Among the continuing acts that erode democratic institutions in Sri Lanka is the recent impeachment of the Chief Justice Shirani Bandaranayake. President Mahinda Rajapaksa and his brothers who head various arms of the Sri Lankan government run a repressive and autocratic regime that does not brook opposition. Despite this, the opposition parties Janatha Vimukthi Peramuna and the Tamil National Alliance along with civil society bodies like the Federation of University Teachers’ Associations and students have come together to fi ght back.
Rohini Hensman (email@example.com) is a Researcher and Activist, and Author of Workers, Unions and Global Capitalism: Lessons from India.
The impeachment of the Chief Justice of Sri Lanka Shirani Bandaranayake in January constitutes yet another deadly blow against the badly-eroded edifice of democracy in that country, striking at the one remaining institution that held out hope of acting as a bulwark against a regime that has demolished every challenge that is posed to its absolute power.

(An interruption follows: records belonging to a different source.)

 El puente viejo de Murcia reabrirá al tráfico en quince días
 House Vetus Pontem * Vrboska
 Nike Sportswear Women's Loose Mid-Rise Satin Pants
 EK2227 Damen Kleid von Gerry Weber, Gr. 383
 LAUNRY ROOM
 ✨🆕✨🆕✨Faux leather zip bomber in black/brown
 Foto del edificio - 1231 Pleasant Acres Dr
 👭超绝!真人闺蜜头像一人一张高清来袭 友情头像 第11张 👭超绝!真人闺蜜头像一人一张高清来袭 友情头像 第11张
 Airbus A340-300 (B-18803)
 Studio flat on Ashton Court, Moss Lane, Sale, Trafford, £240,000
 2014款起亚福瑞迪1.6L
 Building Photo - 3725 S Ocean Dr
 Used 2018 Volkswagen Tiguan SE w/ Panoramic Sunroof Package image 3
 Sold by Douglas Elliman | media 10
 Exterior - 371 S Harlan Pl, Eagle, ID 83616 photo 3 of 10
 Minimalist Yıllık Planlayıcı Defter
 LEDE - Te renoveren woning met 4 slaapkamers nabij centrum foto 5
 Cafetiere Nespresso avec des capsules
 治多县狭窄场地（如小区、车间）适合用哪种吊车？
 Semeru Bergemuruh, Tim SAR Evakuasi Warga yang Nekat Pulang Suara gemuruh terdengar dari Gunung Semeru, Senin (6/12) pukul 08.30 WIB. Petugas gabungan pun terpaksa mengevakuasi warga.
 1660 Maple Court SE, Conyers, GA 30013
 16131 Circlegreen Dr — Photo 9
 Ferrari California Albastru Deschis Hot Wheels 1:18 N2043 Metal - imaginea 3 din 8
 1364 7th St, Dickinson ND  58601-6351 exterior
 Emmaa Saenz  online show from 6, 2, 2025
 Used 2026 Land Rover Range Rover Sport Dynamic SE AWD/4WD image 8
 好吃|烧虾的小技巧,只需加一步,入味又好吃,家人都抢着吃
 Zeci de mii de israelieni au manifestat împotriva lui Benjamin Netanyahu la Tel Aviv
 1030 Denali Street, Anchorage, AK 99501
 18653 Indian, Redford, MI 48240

Bandaranayake became a Supreme Court judge in 1996 when Chandrika Kumaratunga was president, and was appointed as chief justice – the first woman to hold this post in Sri Lanka – by President Mahinda Rajapaksa in May 2011. As it now becomes clear, she was expected to provide a rubber stamp of legality and constitutionality to every decision made by the regime (in effect, the Rajapaksa brothers), and at first she lived up to that expectation. In mid-2011, the Ministry of Higher Education made it compulsory for all university entrants to undergo “leadership training” courses in military camps under defence secretary Gotabaya Rajapaksa (one of the president’s brothers) before they could begin their degree courses (Hensman 2011).
There was vociferous opposition from students, university lecturers, school teachers and many others. For example, the Friday Forum, a group of eminent democracy activists, pointed out that the ministry had no legal authority to formulate or implement programmes or courses for university students; military training was founded on regimentation whereas university education was aimed at encouraging independent thinking and respect for disagreement; and the module on history and national heritage focused exclusively on the majority Sinhala Buddhist community, to the detriment of national reconciliation. There were several fundamental rights petitions challenging the legality of this programme, but all were dismissed by a Supreme Court bench that included Chief Justice Bandaranayake.
She was presumably expected to do the same after the Divi Neguma (Life-Upliftment) Bill was published in the government gazette in July 2012. The bill established the department of Divi Neguma Development, to carry out all development activities under the Ministry of Economic Development headed by another one of the president’s brothers, Basil Rajapaksa. However, this involved the centre taking over development activities, which had been devolved to the provincial councils by the 13th amendment.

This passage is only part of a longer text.